Como sucede con las carreteras actuales, las elevaban sobre el terreno
circundante y con un ligero desnivel para que evacuaran el agua. “Las primeras
carreteras modernas se hicieron siguiendo a los romanos”, recuerda este
arqueólogo.
Pau de Soto
y una veintena de investigadores ha usado las modernas técnicas GIS (siglas en
inglés de Sistema de Información Geográfica) para desenterrar el trazado de las
vías romanas. “Las GIS son la base de la moderna investigación arqueológica”,
asegura el investigador de la UAB. Combinaron textos históricos como el Itinerario
Antonino o la Tabula Peutingeriana, lo más parecido a un
mapa de carreteras de la antigüedad, con estudios sobre yacimientos
arqueológicos, o libros de historia de Roma. “Pero también con los mapas
topográficos de los siglos XIX y XX, las fotografías que los estadounidenses
tomaron de los suelos europeos en la posguerra o las imágenes por satélite; GIS
te permite combinar la información de todas estas fuentes y plasmarla sobre el
terreno”, añade de Soto.
El resultado
de la suma de tantas fuentes es que, en torno al año 150 de esta era el Imperio
romano —entonces en su momento de mayor expansión, abarcando unos cuatro
millones de kilómetros cuadrados de territorio— tenía 299.171 kilómetros de
calzadas.

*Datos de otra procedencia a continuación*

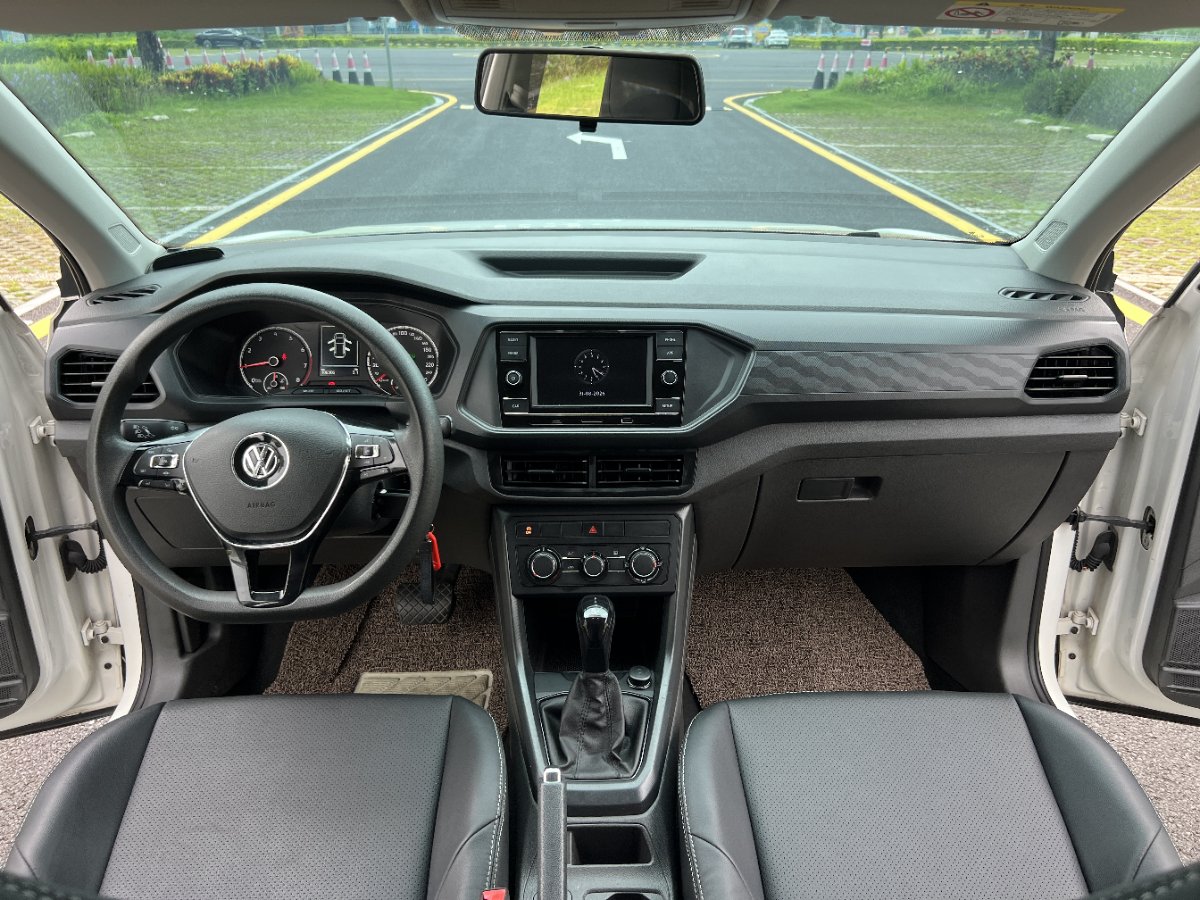 Volkswagen T-Cross 2019 #9 Volkswagen T-Cross 2019 car image #9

La cifra supone añadir más de cien mil a los 188.555 km contados en
trabajos anteriores y equivale a dar la vuelta al planeta siete veces. Solo en
España, la extensión de las vías romanas superaba los 40.000 km, doblando la
cantidad supuesta hasta ahora. Entonces no existía la distribución radial con
centro en Madrid que sí caracteriza a las carreteras modernas, pero desde urbes
como Augusta Emérita (Mérida), capital de la Lusitania romana, partían algunas
de las calzadas principales.
Los autores
del nuevo estudio estiman que un tercio unían los principales centros urbanos;
y los dos tercios restantes serían secundarias, conectando poblaciones a escala
local o regional. Sin embargo, han comprobado que solo hay certeza del 2,7% del
kilometraje. “Es lo que aún se conserva o que ha sido excavado en trabajos
arqueológicos”, detalla de Soto, quien explica que, de la inmensa mayoría de
las calzadas romanas —casi el 90%— solo hay pistas de que debieron estar ahí:
“En arqueología del pasaje lo
llamamos ejes fosilizados, y pueden ser un puente romano, los restos de una
calzada a la salida de la ciudad o el hallazgo de algún miliario”. Todo indica
que una calzada debió unir todos esos elementos. Lo que hace un GIS con ellos
es imaginar el trayecto más razonable teniendo en cuenta la topografía del
terreno, como el paso de una montaña o vadeo de un río. Otro 7% del total de
ese mapa de carreteras solo sería hipotético: si hay dos
ciudades romanas cercanas con restos de calzada a su salida, se esperaría que
estuvieran unidas por una.
“Las
calzadas —y la red de transporte, en su conjunto— fueron absolutamente
cruciales para el mantenimiento del Imperio romano”, mantiene el historiador de
la Universidad de Aarhus (Dinamarca) y coautor del estudio, Adam Pažout. “Los
romanos idearon un intrincado sistema de transporte compuesto por posadas,
estaciones de caminos y puntos de relevo para mensajeros y funcionarios
públicos que viajaban por Italia y las provincias”, recuerda. Para Pažout, “las
calzadas constituían un andamiaje que permitía proyectar el poder romano, ya
fuera a través del ejército o del derecho y la administración, y que mantenía
unido al Imperio”.
Según los
autores, su trabajo permitirá un mejor conocimiento de la historia de Roma. Por
las calzadas se movieron millones de personas, se propagaron nuevas ideas y
creencias; y por ellas también avanzaron las legiones romanas o el comercio
entre las distintas partes de los tres continentes que formaron el territorio
romano. Pero estas vías, cuya enorme capilaridad se descubre ahora, también
facilitaron la transmisión
de enfermedades y plagas como la peste Antonina de viruela o sarampión
o la de Justiniano de peste bubónica, que debilitaron al Imperio. También
pudieron ser las vías de entrada de las sucesivas invasiones bárbaras.
Lo que queda
de las calzadas romanas, aunque físicamente no sean muchos kilómetros, forma
parte del armazón de Europa. Lo recuerda el arqueólogo de Soto: “El tejido
urbano europeo es una herencia de Roma. La mayoría de las ciudades europeas ya
existían en época romana y ya estaban conectadas entre sí”.